While in the home the tree gives up it’s life to serve the family, in doing so it inevitably absorbs some of the family energies. This gives it a strong links to those ot has been essentially sacrificed for and as such it becomes useful for family/household augury.

The foliage, cut to around 6 inch (15cm) lengths, can be a useful tool when applied to flame or hot coals.

As said above, the trees often dry out significantly in our centrally heated homes, but, once trimmed to length and left in a dry place to further dehydrate, the foliage will go up like tinder by the time Imbolc roles around.

Fir, pine and spruce are often bunched together when it comes to their ascribed magical attributes. Those attributes being that, as evergreens, they hold a place of balance, a benchmark pointing the here and now. Climbing them can give us a glimpse of the permanent, or, allows us to look forward, around and behind with eyes unfettered by hope and fear that linger in our present.

They are also resin rich and, once dry, they become a pyromanic’s wet dream. They burst in to noisy flames that crackle, pop, hiss and writhe. In the days of candle light many trees have tried to matyr themselves by catch fire and scorching family homes. Modern LED lights don’t cause such traumatic yuletide memories anywhere near as often, or as brutally.

Tonight, the 13th January, marks 19 days before Imbolc and the ‘coming of Bride’, or the return of the power of Bridgit.

Bridgid, as goddess and saint, has a lot of strings to her bow, but one of the most potent is that associated with fire and the forge. Flame marks the return of the green living fire of Spring and the first of the birthing of the year’s lambs.
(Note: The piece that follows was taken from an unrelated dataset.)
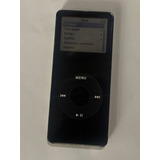 iPod Nano Primera De 2gb A 1137 Con Un  Kit De Accesorios 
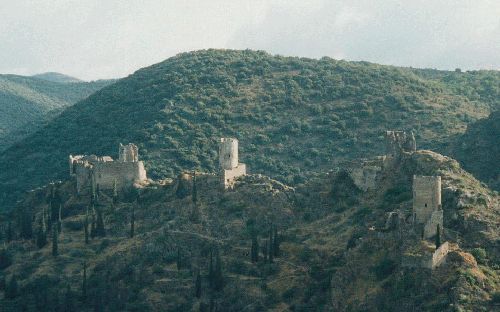 Van het oude Montaillou is vandaag weinig meer te vinden dan een gerestaureerd kasteel. De Franse historicus Le Roy Ladurie ontrukte het katharendorpje aan de vergetelheid. - Foto ANP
In tradition Bridgid has a sacred flame and that is tended by 19 priestesses. This is one of the factors that leads some of her followers to hold a 19 day vigil or devotional that culminates with Imbolc.

There are numerous traditional practices for those who celebrate Imbolc and Bridgid’s strength returning. Fire is involved in many of these. I plan to do more blogs around these traditions in coming days.

How to get scrying….

* Trim your bushy beast (ahem) of a tree and leave to dry if it’s still too flexible. Brittle leaves indicate a greater dryness.

* Light a fire in your woodburner or a safe fire pit/chimenea/barbecue and allow a decent ember bed or bed of hot coals to develop. Cast a circle or create sacred space if you wish.

* Call upon Bridgid to bless your fire and grant it the power to offer prophecy and augury.

* Once the flames have stopped, but the embers are still hot use a poker or stick to level the embers and ashes, thereby removing the mounded hot spots.

* Cast your trimmings upon the embers and, while they smoke, let your mind ease in to a trance like state. Ask your questions, if you have any defined. Be concise but clear if you want a clearer answer.

* Watch the smoke dance, note where the fire first catches, see the movement of flames and the shapes and stories they tell. Watch how the embers fall or move. Listen to the fire and your intuition. Find meaning here.

* If nothing jumps out at you then try again.

* Importantly, try not to soil yourself if the flames arrive with a sudden roar! It really distracts from the mystical act of divination.

Sometimes filming a fire and rewatching it makes themes more noticeable, but, herein lies danger. Our minds are pattern seeking by their ape nature, and, the ability to pause or watch something again enables us to recognise more patterns. It’s therefore far better to be in the moment rather than to enable our minds to trick us in to seeing meaning that isn’t teally there in the ink stain, if you will.